Icon Ten years after...
K
Kyle T. (view)

Nope, not good 'ol Alvin and the boys (isn't the intro I'd Love To Change the World one of the first things you try to figure out when you first pick up a guitar?) Yesterday was the 10th anniversary of the crash that so perfectly crushed my spinal cord between the 6th and 7th cervical vertebrae, leaving me a quadriplegic. Cut down in my prime, a mere 25 years old. Up until then I thought I'd done and seen my share of good and bad things. Love lost and found a few times. Interesting travels, Hawaii in '92 was especially cool. Many, many road trips around the pacific northwest. Buying guitars n amps rather than pay rent on time or eating properly. There was a degree of loss. Dear Grandparents on both sides. There was stupidity. Coke binges in the summer of 94 that would've made Stevie Nicks and Rick James proud. Still, I got through it relatively unscathed.

 

So ten years since I voluntarily moved a muscle below my level of injury.
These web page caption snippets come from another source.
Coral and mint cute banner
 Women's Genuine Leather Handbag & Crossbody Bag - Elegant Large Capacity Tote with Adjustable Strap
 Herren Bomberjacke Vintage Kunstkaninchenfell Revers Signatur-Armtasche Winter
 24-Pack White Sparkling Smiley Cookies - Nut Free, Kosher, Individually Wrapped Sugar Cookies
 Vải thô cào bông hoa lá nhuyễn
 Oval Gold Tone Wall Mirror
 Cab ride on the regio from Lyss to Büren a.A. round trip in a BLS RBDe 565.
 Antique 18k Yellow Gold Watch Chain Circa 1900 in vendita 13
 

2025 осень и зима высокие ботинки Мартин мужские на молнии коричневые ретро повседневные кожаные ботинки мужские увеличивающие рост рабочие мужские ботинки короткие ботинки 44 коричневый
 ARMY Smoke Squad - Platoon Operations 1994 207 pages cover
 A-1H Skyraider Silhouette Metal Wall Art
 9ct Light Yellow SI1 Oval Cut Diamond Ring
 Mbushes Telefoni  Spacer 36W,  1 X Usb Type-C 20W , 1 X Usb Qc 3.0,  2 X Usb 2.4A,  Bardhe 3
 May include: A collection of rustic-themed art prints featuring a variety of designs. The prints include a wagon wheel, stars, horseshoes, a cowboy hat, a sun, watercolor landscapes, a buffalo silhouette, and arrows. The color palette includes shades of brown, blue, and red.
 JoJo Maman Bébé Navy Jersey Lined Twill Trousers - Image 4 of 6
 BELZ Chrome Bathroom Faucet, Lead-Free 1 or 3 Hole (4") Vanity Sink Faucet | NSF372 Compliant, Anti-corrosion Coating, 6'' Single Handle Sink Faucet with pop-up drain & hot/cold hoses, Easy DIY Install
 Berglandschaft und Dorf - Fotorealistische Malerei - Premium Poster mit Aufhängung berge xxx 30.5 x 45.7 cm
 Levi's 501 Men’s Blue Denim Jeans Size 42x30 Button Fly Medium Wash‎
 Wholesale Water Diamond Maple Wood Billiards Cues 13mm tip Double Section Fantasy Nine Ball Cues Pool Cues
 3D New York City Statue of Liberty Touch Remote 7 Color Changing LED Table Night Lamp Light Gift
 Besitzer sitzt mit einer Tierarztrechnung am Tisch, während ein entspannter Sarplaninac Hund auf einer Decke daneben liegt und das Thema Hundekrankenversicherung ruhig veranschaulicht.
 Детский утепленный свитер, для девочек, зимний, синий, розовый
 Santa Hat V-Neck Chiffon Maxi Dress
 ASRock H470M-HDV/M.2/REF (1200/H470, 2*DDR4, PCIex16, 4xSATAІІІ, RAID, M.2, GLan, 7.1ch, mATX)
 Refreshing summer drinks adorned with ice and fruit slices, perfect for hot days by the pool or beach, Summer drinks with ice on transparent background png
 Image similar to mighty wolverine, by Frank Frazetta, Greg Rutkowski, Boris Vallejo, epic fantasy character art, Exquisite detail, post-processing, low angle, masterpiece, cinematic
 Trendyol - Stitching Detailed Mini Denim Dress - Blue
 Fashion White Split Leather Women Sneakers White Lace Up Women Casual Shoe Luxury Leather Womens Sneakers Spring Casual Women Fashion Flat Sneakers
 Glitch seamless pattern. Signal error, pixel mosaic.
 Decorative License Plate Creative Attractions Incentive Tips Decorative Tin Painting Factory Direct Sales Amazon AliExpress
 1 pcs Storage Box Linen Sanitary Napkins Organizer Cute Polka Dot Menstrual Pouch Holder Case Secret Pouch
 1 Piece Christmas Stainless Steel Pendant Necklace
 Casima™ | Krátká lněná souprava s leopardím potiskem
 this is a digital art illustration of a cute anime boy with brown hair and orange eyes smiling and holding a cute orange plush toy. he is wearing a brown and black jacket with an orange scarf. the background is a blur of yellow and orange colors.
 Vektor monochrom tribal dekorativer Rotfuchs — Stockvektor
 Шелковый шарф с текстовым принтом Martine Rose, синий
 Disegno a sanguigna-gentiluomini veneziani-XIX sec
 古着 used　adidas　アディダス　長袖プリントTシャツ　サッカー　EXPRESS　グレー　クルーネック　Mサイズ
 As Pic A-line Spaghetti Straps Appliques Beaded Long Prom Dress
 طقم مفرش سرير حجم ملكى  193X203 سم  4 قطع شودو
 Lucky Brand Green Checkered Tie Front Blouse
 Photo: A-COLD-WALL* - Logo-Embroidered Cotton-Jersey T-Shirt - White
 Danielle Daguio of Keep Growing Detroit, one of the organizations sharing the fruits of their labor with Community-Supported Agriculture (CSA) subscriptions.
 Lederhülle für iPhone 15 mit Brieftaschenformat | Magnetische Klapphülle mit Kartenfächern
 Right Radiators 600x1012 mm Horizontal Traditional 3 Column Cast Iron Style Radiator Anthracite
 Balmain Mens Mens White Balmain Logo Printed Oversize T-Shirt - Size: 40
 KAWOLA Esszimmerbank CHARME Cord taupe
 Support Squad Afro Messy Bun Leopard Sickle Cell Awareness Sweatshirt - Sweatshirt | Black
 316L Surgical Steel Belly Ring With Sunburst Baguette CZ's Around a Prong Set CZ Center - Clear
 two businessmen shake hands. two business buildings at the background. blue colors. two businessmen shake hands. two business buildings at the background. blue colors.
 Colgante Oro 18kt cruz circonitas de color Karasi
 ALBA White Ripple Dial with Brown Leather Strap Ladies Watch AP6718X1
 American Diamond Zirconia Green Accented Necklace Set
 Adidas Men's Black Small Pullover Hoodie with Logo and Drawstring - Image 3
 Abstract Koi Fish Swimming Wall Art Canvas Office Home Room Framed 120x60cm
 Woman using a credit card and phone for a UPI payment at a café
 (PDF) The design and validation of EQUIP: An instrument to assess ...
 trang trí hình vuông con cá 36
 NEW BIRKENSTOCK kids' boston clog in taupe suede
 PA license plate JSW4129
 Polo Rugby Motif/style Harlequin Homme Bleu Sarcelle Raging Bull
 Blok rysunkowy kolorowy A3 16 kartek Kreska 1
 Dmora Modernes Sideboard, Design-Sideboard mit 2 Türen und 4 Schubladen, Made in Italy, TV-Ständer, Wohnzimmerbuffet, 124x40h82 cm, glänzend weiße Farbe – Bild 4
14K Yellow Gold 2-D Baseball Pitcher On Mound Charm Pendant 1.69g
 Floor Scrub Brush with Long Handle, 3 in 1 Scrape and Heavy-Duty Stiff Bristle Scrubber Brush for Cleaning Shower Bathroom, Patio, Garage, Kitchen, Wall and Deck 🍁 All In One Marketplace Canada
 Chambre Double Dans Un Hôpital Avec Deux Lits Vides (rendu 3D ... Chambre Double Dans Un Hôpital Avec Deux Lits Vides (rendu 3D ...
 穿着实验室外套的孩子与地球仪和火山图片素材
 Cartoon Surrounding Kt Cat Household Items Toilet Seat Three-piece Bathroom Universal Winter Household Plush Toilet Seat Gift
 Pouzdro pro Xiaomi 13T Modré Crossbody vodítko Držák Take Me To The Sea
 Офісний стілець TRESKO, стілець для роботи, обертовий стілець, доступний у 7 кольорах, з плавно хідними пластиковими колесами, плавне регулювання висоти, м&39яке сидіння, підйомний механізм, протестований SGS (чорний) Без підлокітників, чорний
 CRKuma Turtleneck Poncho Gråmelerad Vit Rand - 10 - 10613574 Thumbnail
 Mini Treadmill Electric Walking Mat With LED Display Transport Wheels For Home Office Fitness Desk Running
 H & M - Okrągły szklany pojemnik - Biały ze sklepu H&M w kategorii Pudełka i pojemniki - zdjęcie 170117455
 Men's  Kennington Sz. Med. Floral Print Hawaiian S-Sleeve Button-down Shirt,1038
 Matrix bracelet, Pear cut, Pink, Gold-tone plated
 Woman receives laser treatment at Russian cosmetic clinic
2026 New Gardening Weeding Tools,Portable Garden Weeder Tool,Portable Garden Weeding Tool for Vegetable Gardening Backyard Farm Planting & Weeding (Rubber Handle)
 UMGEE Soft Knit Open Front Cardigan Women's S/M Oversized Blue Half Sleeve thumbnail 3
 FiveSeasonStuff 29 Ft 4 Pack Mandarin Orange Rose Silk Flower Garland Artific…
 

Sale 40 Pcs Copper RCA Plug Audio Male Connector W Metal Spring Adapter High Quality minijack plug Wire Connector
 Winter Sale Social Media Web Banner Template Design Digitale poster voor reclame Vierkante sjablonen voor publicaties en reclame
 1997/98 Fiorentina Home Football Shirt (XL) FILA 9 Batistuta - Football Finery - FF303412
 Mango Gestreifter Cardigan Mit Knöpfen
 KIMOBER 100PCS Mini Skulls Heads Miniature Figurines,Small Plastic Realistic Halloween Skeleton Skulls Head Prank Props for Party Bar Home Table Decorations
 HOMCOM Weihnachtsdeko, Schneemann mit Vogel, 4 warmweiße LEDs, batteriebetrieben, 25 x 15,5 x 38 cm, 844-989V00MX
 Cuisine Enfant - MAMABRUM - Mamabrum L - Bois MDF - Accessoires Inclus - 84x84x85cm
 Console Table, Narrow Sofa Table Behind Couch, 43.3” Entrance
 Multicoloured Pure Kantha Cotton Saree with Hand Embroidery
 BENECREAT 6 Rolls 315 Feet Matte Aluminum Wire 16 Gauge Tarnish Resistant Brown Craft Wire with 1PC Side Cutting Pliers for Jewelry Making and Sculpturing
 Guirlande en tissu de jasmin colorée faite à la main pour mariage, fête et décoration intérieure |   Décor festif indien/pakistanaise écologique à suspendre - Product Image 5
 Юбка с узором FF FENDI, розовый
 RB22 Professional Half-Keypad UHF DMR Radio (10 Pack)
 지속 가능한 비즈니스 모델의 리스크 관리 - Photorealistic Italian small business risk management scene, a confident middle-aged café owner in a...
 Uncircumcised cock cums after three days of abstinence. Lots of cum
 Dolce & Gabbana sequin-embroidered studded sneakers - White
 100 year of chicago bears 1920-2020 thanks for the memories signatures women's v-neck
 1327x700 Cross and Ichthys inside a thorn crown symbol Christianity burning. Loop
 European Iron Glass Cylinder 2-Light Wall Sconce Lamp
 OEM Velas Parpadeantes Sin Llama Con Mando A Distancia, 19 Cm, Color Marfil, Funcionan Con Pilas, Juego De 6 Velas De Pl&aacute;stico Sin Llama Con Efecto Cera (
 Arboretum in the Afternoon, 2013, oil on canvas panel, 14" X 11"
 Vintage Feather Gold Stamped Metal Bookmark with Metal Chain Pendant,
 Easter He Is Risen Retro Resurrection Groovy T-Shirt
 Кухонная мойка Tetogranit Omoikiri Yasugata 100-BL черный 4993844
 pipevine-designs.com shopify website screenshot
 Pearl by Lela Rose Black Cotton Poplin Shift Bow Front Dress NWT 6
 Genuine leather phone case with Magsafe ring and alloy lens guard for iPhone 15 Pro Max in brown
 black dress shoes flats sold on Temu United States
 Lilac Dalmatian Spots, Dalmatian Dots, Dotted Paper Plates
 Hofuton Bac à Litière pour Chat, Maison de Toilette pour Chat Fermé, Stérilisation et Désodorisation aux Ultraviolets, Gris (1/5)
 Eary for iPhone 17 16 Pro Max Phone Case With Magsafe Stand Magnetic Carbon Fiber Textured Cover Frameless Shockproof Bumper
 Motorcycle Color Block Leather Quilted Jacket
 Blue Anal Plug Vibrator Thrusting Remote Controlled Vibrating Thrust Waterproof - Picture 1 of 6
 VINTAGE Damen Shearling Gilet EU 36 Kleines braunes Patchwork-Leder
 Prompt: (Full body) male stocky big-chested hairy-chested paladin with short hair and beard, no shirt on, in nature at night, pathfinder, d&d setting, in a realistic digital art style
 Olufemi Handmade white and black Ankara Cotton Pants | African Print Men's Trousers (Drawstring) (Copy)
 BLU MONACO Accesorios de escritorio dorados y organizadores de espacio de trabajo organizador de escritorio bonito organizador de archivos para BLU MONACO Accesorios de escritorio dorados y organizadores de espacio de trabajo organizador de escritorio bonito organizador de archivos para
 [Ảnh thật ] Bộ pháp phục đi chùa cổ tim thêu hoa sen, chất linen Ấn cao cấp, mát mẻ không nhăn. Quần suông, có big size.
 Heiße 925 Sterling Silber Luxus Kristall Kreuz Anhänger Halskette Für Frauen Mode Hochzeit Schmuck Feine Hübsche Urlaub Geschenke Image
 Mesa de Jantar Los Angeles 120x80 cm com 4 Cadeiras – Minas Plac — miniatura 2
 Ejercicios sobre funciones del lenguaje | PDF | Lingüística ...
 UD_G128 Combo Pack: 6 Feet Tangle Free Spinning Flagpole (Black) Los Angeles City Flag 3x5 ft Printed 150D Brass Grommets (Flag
Or voluntarily evacuated my bowels or bladder for that matter but we won't go there!! Ten years since I've felt the warmth and closeness of a lover (and I reckon I was a freak in the sack!!) Ten years since I served an ace playing tennis (and I reckon I was damn good tennis player) or threw a spiral TD to a friend, or swam in the Pacific or any other ocean, or rolled in the grass with my or anyone elses dog, or helped my Dad split firewood, or, or, or ,or and more or's. The biggest and baddest or is... yep OR PLAYED GUITAR, OR BASS OR DRUMS OR PIANO OR MANDOLIN OR DOBRO OR UKELELE. Some of the other or's I've adjusted to as much as I think I ever will, but the guitar or's hang over me every single day. An unmovable amount of anger and frustration that I can't pick up my beloved 1970 Epiphone acoustic guitar and noodle away. Or sling my Strat or Tele over my shoulder, plug in and fucking rock. Sometimes just blasting away at riffs or sometimes studiously practicing scales or trying weird tunings. It was always so cool to show up to jam and impress the drawers off somebody after learning something before they knew it or play it better than they could. For the record I was no virtuoso or ever claimed to be one. I was a guy who simply loved to play the guitar. I loved to look at guitars. Days off at the guitar center playing whatever I hadn't tried out the week before. Boy, being six feet away from Lindsey Buckingham and all those gorgeous Turners last month was bittersweet!!

 

There's been some good times in the last decade. All you lot for instance, friends to the last I say, everyone of ya. I'm going to be an Uncle for the first time in Sept. so that's cool. I have much closer relationships with both my parents, and most other relatives. I still go to see live music as often as expenses allow. I still buy more music than expenses allow, but that's o.k. we all need a vice or two (sometimes a vicoden or two!!)

 

One thing I'd like to do is travel a bit again. I constantly nag my Dad to go to Australia for the Aussie Open, hopefully before Federer retires. See you in Melboune Kathryn and Big Al.? I'd say Wimbledon, but according to Mick the bloody place would probably be flooded. I'd also like a bit more good health. The last few months have been not too bad, but ironically, this morning I had a MRI of my brain (there's one in there the technician affirmed!) because my eyes are all wonky and we have to see what's going on in there.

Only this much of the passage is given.